I remember dreading the first day I went to therapy. I literally cried to my husband, “I can’t do this.” I was scared of dealing with my past, but I also felt like there was something wrong with me, that I should be able to fix myself without therapy. Only “crazy” people need therapy, right? To be fair, I did indeed feel crazy.
Dropping the Stigma of Therapy.jpgThe therapy I attended was a group for sexual abuse victims. I expected everyone to look how I felt on the inside. Instead, everyone looked completely normal. I was shocked. Shouldn’t we all be a complete mess?

Apparently, we’re all very skilled at keeping it all together on the outside while everything on the inside swirls around like a hurricane. We take care to hide our wounds, flaws, and messy parts from the world. We wear nice clothes and do up our hair and make-up. We smile. We keep ourselves busy so no one will know anything is wrong with us.

The truth is, no one has a perfect life. And probably everyone could benefit from a round or two of therapy from a skilled professional.

So let’s drop the negative stigma that comes with therapy and allow ourselves to get the help we need, okay?

As mentioned in other posts, sexual abuse can cause all sorts of false beliefs about ourselves, negative or self-harming behaviors, PTSD or C-PTSD (Complex Post Traumatic Stress Disorder), depression, anxiety, etc. We can’t usually overcome these things alone or with our own will power. You wouldn’t tell someone with a broken leg or a head wound to “just get over it” or “think positive thoughts” and then expect them to be healed the next day. Don’t expect the wounds of your spirit, mind, and emotions to heal merely because you or others want you to.
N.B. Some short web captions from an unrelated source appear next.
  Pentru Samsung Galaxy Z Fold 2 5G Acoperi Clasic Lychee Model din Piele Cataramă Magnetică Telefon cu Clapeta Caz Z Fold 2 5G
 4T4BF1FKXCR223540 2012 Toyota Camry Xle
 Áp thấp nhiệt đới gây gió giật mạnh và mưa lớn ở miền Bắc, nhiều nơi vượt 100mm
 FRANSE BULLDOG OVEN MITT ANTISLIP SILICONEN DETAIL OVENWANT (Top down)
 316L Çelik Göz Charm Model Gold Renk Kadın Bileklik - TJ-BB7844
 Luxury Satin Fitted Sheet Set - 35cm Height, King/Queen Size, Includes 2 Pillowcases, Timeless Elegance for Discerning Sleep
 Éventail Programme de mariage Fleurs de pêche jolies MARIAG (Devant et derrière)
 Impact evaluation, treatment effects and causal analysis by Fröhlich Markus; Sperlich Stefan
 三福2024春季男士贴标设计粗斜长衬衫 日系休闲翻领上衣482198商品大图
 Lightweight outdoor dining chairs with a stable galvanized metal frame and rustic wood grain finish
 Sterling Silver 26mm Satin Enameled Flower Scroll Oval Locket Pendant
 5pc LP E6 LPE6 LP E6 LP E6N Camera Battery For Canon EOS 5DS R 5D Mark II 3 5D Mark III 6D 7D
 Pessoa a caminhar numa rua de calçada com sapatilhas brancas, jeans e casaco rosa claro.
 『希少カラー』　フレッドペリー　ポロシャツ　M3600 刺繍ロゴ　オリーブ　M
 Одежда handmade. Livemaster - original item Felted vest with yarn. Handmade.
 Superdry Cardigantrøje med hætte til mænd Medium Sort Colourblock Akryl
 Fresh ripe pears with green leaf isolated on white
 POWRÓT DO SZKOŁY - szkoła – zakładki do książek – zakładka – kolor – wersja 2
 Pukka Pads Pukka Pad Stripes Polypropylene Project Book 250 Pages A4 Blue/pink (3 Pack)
Please, if you need professional help or medication, don’t hesitate talking to a therapist or getting medications such as an anti-depressant because of the stigma, or because you worry what others will think. Heavenly Father knows we sometimes need to rely on other resources to help us get back to a healthy place in our lives. We need to pray, receive priesthood blessings, and work on it ourselves, but we are also expected to utilize the great people trained to help us heal!

I don’t have any more fancy words, but I think the talk, “Like a Broken Vessel” by Jeffrey R. Holland is an important resource, as well as his recent message on YouTube.Though he is mainly speaking about depression, I think his advice has multiple applications.

If it helps, instead of thinking of the help you need and all the fears that go with it, think of yourself as your child or one of your friends. What would you encourage or help them to do if they were in your situation? Do those things for you. Ask your support person to help you have the strength to talk to someone to get the help you need.